When did you add fish? Did you add them all at once? The gravel and rocks would help speed up the cycle some. 

When doing your water changes do you use a siphon type with a attached gravel cleaner? 

Do you siphon the water into a bucket and replace the water by filling the bucket with clean water adding prime as it is filling then pouring the water back into the tank?

Or do you use a python type system and drain/fill directly from a sink treating the entire volume of the tank with prime as it is filling?

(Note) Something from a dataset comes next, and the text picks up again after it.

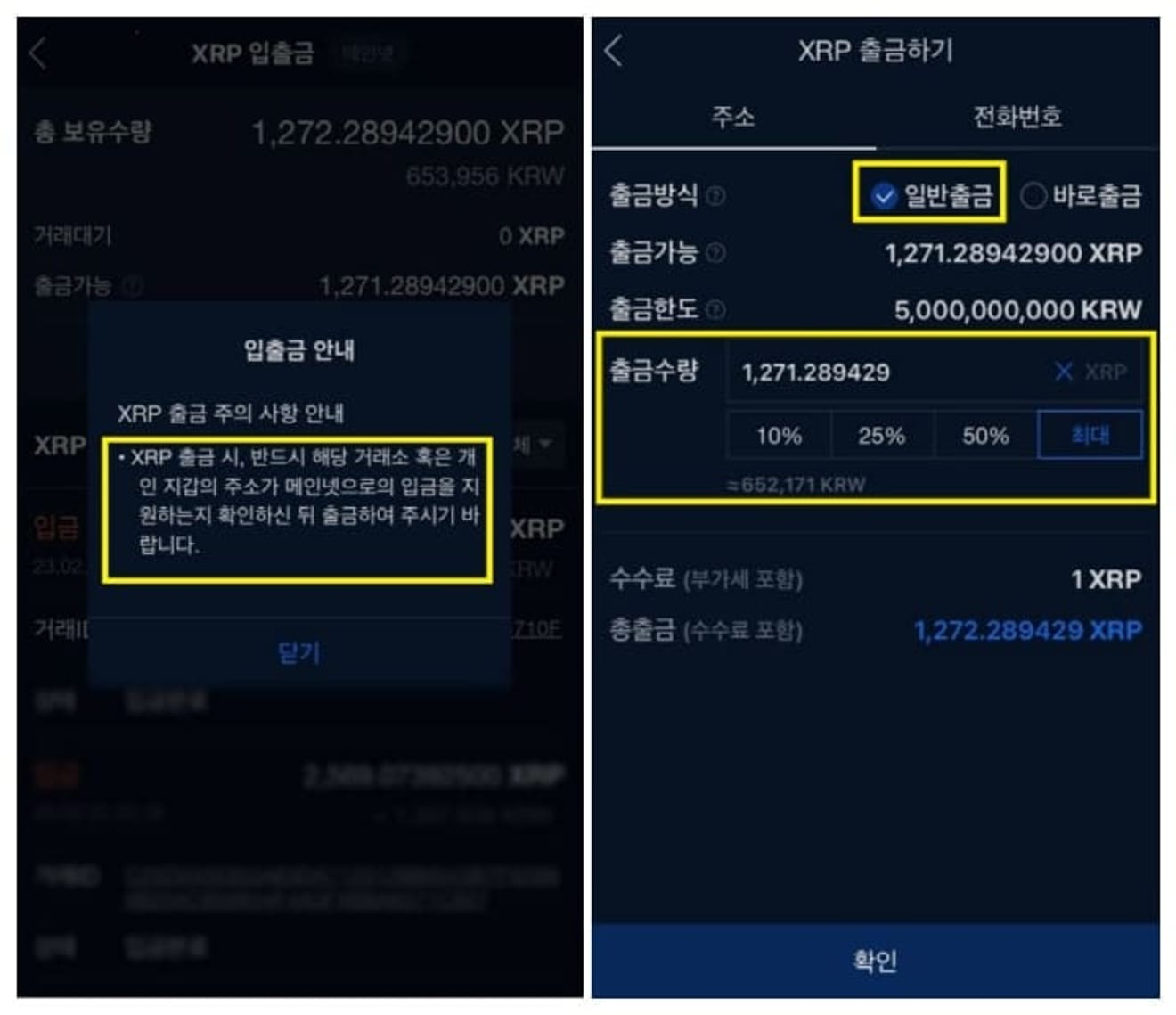 Cara-menarik-dana-dari-bursa-Upbit-ke-Binance-1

How do you clean the outside glass?

Sorry for all the questions. Since your fish are showing know outward signs of disease I'm trying to rule out anyway outside contaminates could be entering into your tank water.


----------



## syddriver (Sep 27, 2010)

The water temp is set at 78. When I set the tank up I let it set for 3 days and then I added 3 mollys to start the cycle. I also added 4 filter media bags full of gravel from my established tank. All of the rock I put in was also from my established tank. After I was sure the tank was cycled I added a fish a week and tested, tested and tested the water. When I do water changes I use the bucket method. I put the prime in the tank. I clean the outside of the glass with water only and a soft cloth. I have tested my tap water and it is fine. No ammonia or other terrible things. Plus I have 2 other tanks I take care of the same way. Thank you so much for your help!


----------



## syddriver (Sep 27, 2010)

Oh sorry! I am using 2 Aqueon Power Filters. They both filter 325 gph. So that is 650gph.


----------



## susankat (Nov 15, 2008)

How did you acclimate the fish to the new tank? Were they from another tank or did you purchase them new?


----------



## CdtWeasel (Jan 29, 2011)

I'm a novice so this may be a silly suggestion, but could the pH or water hardness be off for the types of fish in the tank?


----------



## jrman83 (Jul 9, 2010)

Just sounds like a cycling tank to me. How were you "sure the tank was cycled"?

The only way to know that you have established bacteria in place is to watch ammonia rise and drop to 0, possibly see a corresponding nitrite increase and then also see the drop to 0, and some value for nitrates.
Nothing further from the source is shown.